Девочки хозяйничали в заброшенном срубе, который в каждой российской деревне оставлен бывал кем-то, ровно бы нарочно для пряток и разных детских игр и забав. Дожидаясь с работы «самово», хозяйки стряпали оладьи и шаньги из глины, гоношили постели из травы. Мальчикова «мама», ошалелая от счастья, выявила такое проворство в делах, что все девчушки ахали и подсмеивались, мол, хозяин не под стать хозяйке, хил, невзгляден и «ни шерсти от него, ни молока». «Ну и что? Ну и что? — заступалась за своего „тятю“ хозяйка. — Зато смиренный, воды не замутит!.. И не пьющий по болести».

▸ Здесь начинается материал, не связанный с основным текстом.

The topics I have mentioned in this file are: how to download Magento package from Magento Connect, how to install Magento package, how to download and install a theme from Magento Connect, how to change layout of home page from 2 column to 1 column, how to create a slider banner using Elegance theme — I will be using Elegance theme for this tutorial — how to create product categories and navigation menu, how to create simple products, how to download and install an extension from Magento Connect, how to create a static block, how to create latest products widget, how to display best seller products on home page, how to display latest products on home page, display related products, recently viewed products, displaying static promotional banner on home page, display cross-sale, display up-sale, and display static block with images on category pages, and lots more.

Треснуть бы самое за такие слова, но, обретая власть, девочка проявила неслыханный напор и в такой оборот взяла мальчика, что ни дыхнуть, ни охнуть, и покрепче «мужик» спасовал бы. Она не давала «мужу» делать тяжелую работу, заставляла отдыхать и набираться сил, а, сама, костлявая, легкая, стремительно носилась по земле, управлялась со скотом, доглядывала ребятишек, кышкала коршунье — и все с песнями, с песнями, со смехом, с шутками. Зато как торжествовала подруга жизни мальчика, когда возвращались домой «тяти» других «мам». Не в силах переступить порог, шатаясь и падая, они ревели чего попало, требовали еще выпить, домогались, чтоб обнимали и утешали их в этой распроклятой жизни.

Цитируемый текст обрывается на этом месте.